(INSTRUCTIONS FOR THE TASK):
In the data below, find the line containing "Mario Badescu Botanical"; transcribe it and each line after it exactly, through the last, skipping pictures.
======== COLLECTED DATA ========
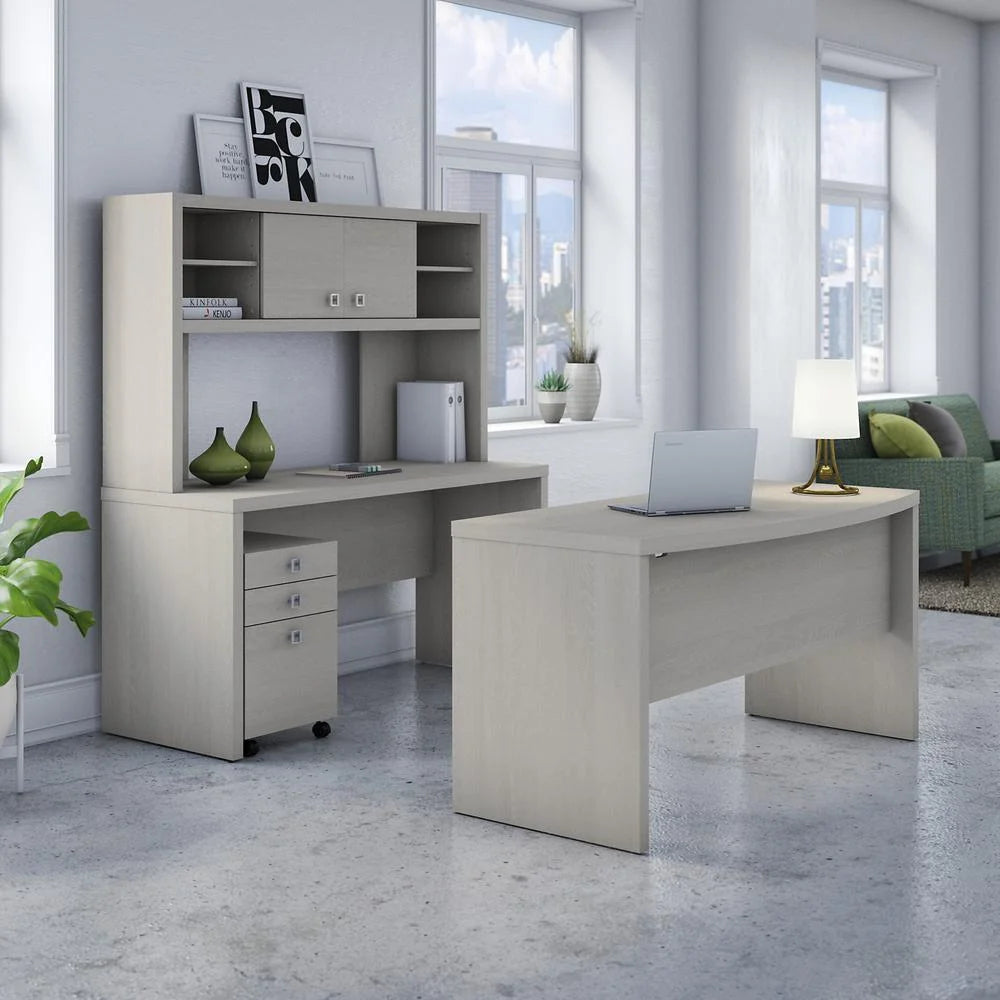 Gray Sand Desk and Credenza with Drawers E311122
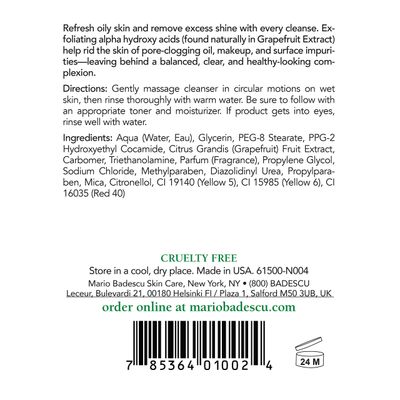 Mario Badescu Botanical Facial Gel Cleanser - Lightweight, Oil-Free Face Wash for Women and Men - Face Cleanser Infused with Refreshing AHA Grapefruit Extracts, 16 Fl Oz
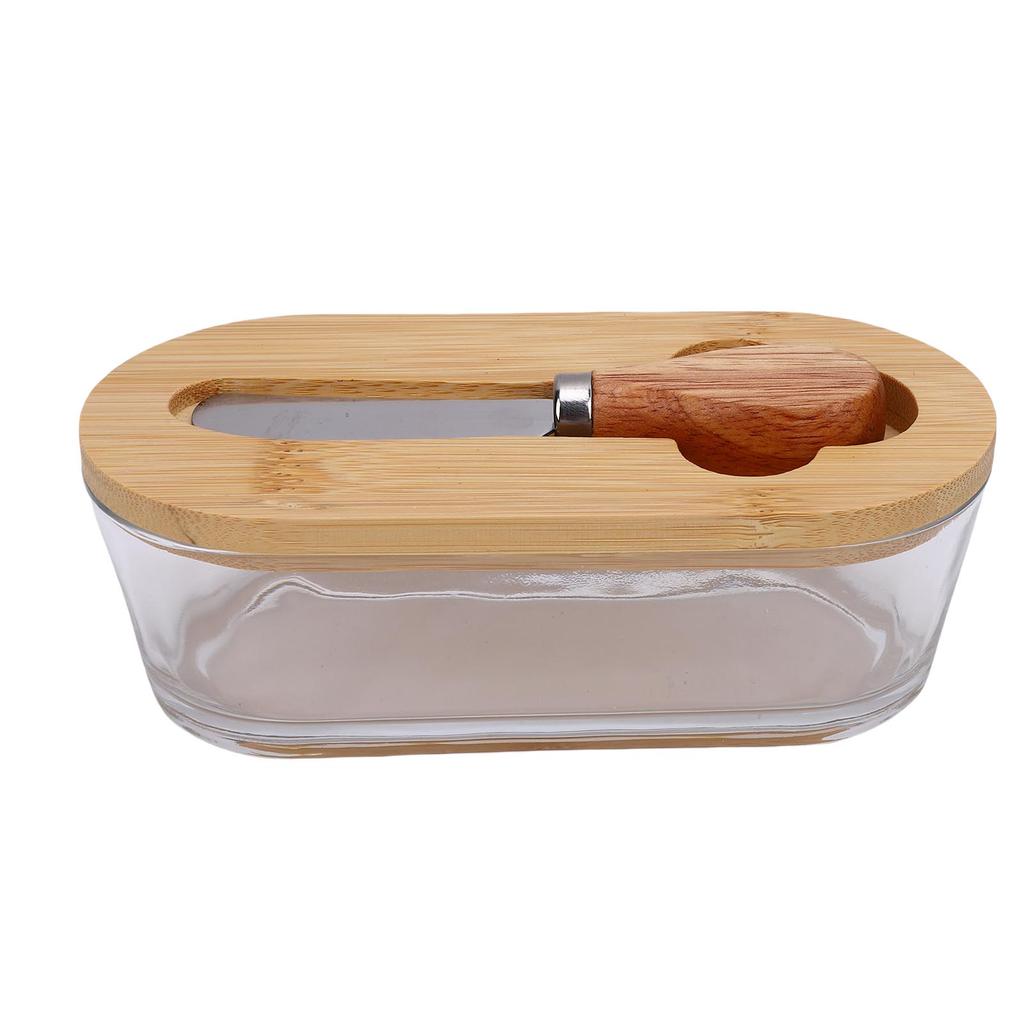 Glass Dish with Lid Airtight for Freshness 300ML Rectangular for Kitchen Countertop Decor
========
(SOLVED EXERCISE):
 Mario Badescu Botanical Facial Gel Cleanser - Lightweight, Oil-Free Face Wash for Women and Men - Face Cleanser Infused with Refreshing AHA Grapefruit Extracts, 16 Fl Oz
 Glass Dish with Lid Airtight for Freshness 300ML Rectangular for Kitchen Countertop Decor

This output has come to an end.